Development Steps

This guide outlines the process for contributing features or fixes to the Lakeflow Framework.

Issue Creation

  1. Create a new issue in the GitHub repository

    • Clearly describe the feature or bug

    • Include acceptance criteria

    • Add relevant labels (feature/bug/enhancement)

    • Link to related issues if applicable

Branch Management

  1. Create a feature branch from main

    • Use naming convention: feature/[brief-description]

    • Example: feature/add-scd2-support

  2. Keep branches focused on single features/fixes

  3. Regularly sync with main to avoid merge conflicts

Development Process

  1. Local Development

    • Follow coding standards and style guides
      • Ensure the yapf extension is installed and enabled in VS Code (refer to step 2 of Development Environment Setup)

      • Use yapf to format your python code (right click and select ‘Format Document With’ then select yapf)

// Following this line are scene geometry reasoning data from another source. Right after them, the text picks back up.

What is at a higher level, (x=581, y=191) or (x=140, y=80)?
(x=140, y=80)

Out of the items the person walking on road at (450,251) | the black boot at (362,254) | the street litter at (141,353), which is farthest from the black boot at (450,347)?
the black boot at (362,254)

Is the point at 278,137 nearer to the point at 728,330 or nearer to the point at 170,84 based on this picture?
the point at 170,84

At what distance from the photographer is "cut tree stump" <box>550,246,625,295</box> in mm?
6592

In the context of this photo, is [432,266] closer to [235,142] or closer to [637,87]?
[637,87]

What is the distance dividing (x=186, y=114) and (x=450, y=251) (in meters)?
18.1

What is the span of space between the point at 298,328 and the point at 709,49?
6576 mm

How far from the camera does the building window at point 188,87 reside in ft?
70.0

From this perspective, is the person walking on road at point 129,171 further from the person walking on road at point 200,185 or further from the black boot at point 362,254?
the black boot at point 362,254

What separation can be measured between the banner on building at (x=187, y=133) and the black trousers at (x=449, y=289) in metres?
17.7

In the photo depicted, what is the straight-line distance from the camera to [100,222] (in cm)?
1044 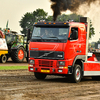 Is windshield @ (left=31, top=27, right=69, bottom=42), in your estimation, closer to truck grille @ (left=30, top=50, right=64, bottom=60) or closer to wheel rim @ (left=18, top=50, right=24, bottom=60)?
truck grille @ (left=30, top=50, right=64, bottom=60)

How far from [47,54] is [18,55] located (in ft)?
47.3

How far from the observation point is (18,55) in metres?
27.4

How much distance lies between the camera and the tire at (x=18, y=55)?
2708cm

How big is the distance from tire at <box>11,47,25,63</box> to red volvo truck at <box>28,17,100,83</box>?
1343 cm

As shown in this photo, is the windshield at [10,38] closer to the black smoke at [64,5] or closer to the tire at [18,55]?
the tire at [18,55]

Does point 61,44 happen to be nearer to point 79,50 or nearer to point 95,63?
point 79,50

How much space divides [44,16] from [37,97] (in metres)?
98.1

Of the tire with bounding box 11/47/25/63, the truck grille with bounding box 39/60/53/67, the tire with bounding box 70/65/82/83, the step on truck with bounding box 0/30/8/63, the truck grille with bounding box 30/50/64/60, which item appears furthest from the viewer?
the tire with bounding box 11/47/25/63

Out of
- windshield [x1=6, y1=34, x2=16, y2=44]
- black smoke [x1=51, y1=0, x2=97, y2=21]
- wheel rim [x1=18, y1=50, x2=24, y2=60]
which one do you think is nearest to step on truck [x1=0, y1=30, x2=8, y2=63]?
windshield [x1=6, y1=34, x2=16, y2=44]

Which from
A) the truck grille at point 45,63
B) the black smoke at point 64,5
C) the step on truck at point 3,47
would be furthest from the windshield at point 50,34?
the step on truck at point 3,47

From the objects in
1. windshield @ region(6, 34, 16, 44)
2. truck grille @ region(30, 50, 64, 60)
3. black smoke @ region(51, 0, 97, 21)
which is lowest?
truck grille @ region(30, 50, 64, 60)

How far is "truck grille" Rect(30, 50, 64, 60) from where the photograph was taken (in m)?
13.1

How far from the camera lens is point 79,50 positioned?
45.4 ft

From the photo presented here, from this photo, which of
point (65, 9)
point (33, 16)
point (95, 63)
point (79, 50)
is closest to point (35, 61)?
point (79, 50) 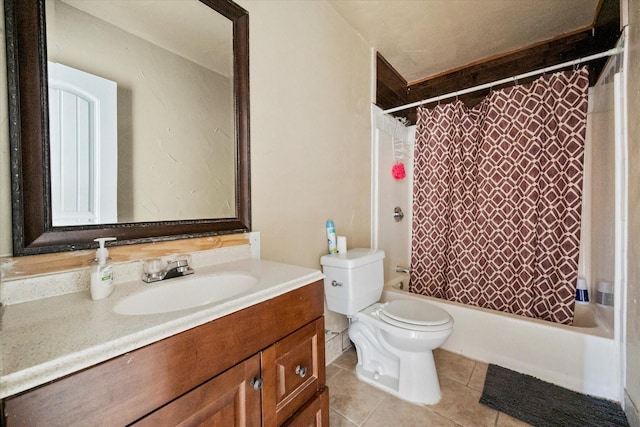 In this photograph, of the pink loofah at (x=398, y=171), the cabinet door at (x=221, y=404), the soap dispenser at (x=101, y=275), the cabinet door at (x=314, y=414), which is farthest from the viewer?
the pink loofah at (x=398, y=171)

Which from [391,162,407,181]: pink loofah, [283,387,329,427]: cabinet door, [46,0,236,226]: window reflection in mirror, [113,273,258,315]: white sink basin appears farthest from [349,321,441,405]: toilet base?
[391,162,407,181]: pink loofah

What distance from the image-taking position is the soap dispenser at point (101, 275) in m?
0.68

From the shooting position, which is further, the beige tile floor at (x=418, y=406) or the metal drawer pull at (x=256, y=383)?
the beige tile floor at (x=418, y=406)

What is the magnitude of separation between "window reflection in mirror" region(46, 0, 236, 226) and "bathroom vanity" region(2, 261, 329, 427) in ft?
1.07

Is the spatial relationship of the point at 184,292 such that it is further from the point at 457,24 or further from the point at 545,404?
the point at 457,24

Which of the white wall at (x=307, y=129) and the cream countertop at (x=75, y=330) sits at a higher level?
the white wall at (x=307, y=129)

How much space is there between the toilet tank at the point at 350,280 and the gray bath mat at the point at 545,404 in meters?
0.79

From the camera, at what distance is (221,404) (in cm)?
62

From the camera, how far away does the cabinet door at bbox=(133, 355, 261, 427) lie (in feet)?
1.76

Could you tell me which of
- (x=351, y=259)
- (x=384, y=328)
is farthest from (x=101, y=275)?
(x=384, y=328)

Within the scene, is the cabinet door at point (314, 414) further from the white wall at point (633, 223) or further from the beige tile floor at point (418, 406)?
the white wall at point (633, 223)

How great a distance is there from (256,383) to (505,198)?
190 cm

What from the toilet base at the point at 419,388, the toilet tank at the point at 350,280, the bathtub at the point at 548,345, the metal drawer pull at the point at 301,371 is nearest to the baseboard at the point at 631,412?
the bathtub at the point at 548,345

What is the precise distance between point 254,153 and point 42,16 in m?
0.73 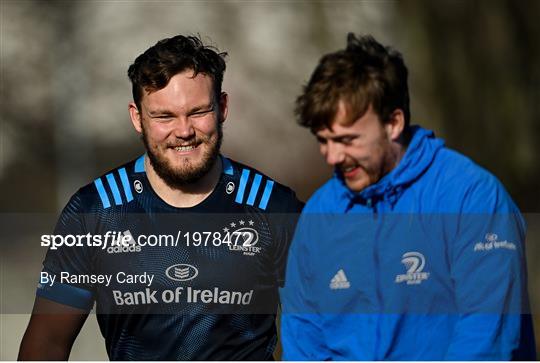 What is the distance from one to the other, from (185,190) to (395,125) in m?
0.99

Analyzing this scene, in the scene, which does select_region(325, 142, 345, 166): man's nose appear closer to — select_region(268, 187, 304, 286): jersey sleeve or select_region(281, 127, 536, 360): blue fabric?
select_region(281, 127, 536, 360): blue fabric

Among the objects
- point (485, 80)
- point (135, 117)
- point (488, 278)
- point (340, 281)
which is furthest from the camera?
point (485, 80)

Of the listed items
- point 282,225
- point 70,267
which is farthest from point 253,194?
point 70,267

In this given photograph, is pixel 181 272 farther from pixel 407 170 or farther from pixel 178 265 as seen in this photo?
pixel 407 170

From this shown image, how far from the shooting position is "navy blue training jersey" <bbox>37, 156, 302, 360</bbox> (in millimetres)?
4148

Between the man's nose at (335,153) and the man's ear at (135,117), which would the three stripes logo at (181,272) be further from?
the man's nose at (335,153)

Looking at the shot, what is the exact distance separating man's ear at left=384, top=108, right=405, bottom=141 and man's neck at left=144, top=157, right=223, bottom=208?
913 millimetres

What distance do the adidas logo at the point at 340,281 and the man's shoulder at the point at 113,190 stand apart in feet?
3.17

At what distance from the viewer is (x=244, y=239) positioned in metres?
4.18

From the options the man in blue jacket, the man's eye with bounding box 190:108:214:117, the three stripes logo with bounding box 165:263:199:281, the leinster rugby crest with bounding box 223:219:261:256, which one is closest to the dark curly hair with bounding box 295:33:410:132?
the man in blue jacket

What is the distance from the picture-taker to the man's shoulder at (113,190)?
13.9ft

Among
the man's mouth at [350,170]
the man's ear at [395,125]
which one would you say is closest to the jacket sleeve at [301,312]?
the man's mouth at [350,170]

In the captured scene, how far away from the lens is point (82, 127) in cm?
453

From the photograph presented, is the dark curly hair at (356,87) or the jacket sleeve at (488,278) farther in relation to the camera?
the dark curly hair at (356,87) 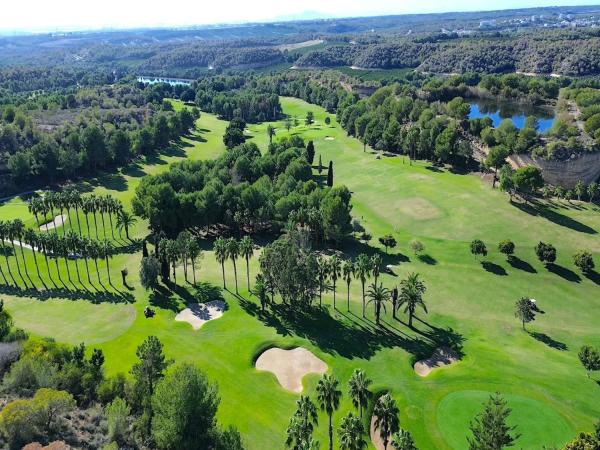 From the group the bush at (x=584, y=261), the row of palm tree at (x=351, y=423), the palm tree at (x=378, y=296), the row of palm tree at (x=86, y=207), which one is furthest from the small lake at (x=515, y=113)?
the row of palm tree at (x=351, y=423)

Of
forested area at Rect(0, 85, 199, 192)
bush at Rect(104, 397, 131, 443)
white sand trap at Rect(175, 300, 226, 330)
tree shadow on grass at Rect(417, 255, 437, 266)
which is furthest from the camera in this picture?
forested area at Rect(0, 85, 199, 192)

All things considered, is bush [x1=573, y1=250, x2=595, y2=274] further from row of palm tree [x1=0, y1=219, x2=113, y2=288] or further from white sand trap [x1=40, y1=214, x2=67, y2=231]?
white sand trap [x1=40, y1=214, x2=67, y2=231]

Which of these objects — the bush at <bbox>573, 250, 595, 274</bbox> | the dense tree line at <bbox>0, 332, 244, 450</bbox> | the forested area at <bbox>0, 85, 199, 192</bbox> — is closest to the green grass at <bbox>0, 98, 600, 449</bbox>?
the bush at <bbox>573, 250, 595, 274</bbox>

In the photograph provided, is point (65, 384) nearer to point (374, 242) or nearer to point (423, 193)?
point (374, 242)

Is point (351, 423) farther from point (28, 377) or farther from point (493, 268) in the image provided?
point (493, 268)

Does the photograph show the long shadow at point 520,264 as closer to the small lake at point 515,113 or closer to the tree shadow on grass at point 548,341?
the tree shadow on grass at point 548,341

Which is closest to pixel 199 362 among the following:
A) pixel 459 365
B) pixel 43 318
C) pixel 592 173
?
pixel 43 318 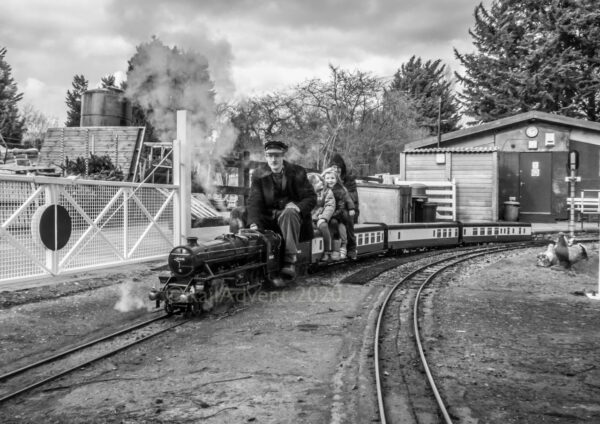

    • Stick to solid principles and object oriented design patterns

    • Deploy updated framework to Databricks to ensure it is working as expected

    • Use meaningful commit messages

    • Keep commits atomic and focused

  2. Unit Testing

    • Install dev dependencies from requirements-dev.lock (see Development Environment Setup).

    • Run unit tests from the repository root:

      pytest tests/ -m "not integration and not spark"
      
    • See tests/README.md for layout, fixtures, markers, and conventions.

    • Optional coverage: add --cov=src --cov-report=term-missing.

    • CI runs the same pytest command on every pull request (.github/workflows/ci.yml).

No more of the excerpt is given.